NVIDIA has released a new open AI model with 30 billion parameters that excels in fast, cost-efficient multimodal processing of images, video, and audio by leveraging innovations like linear-scaling member layers, 3D convolutions, and efficient video sampling. While requiring powerful hardware and having a more restrictive license, this model enables users to handle large multimedia data much faster than previous models, making it ideal for applications beyond pure text tasks.

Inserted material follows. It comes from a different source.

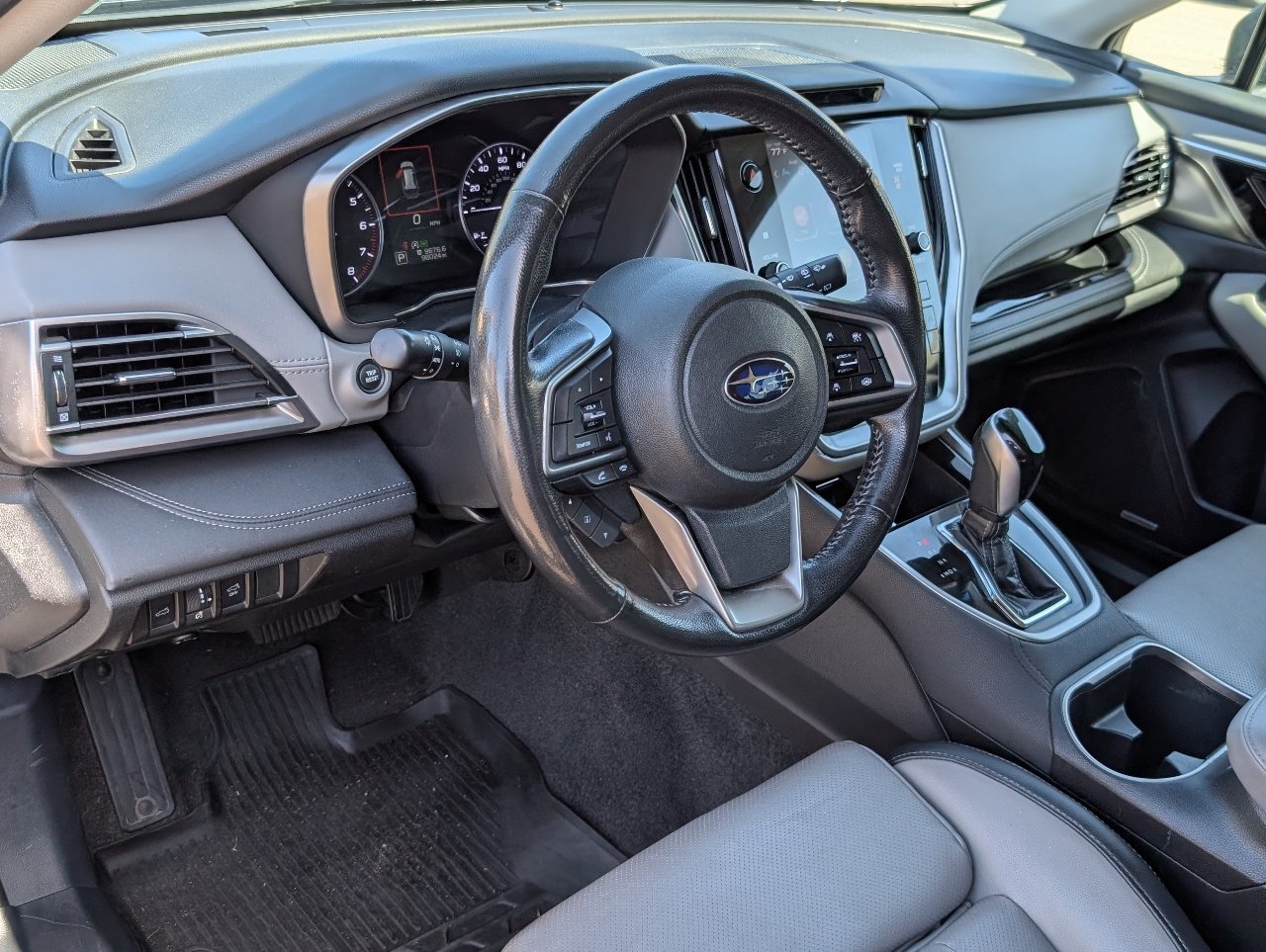 Used 2021 Subaru Outback Limited AWD/4WD image 14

NVIDIA has introduced a new open and free AI model with 30 billion parameters that excels in processing images, video, and audio. Unlike other free models such as Gemma 4, this model stands out primarily for its exceptional throughput and cost efficiency. It can process nearly 10 hours of video per hour, which is almost 10 times faster than real-time and about three times faster than previous models like Gwen 3 Omni. When handling documents, it achieves speeds up to seven times faster. However, running this model locally requires a powerful GPU with around 25 GB of video memory, making it more suitable for desktops or cloud platforms like Lambda.
The model’s speed and efficiency come from five key innovations. First, it uses member layers that scale linearly with context length rather than quadratically, allowing it to handle longer videos, audio, or documents more efficiently. Second, its audio processing converts raw audio waves into tokens without relying on large speech recognition models, preserving emotion and tone while reducing computational costs. Third, it employs 3D convolutions to analyze blocks of video frames simultaneously, rather than processing frames individually, which significantly reduces computation time and cost.
Fourth, instead of using a single large CLIP model for image-text matching, the model distills three separate CLIP models—one for image-text matching, one for fine details, and one for object segmentation—into a single small encoder network, enhancing efficiency. Fifth, it uses efficient video sampling by discarding duplicate frames that share similar backgrounds, further reducing the amount of data processed and improving speed and cost-effectiveness. These combined techniques make the model highly optimized for multimodal inputs.
Regarding licensing, the model is released under its own license, which is more restrictive than the highly permissive Apache 2.0 license but still allows derivative works and commercial use with some attribution and patent grant conditions. While it may not be the best choice for pure text reasoning or coding tasks, it excels in fast, cost-effective multimodal processing, making it a valuable tool for applications involving audio, video, and images.
Overall, this development marks a significant step forward in accessible AI technology, enabling users to run powerful multimodal models locally or in the cloud. As AI models continue to specialize and improve in different areas, users benefit from more tailored and efficient tools. The availability of such open models empowers researchers and developers to experiment and innovate without prohibitive costs, making this an exciting time for AI enthusiasts and professionals alike.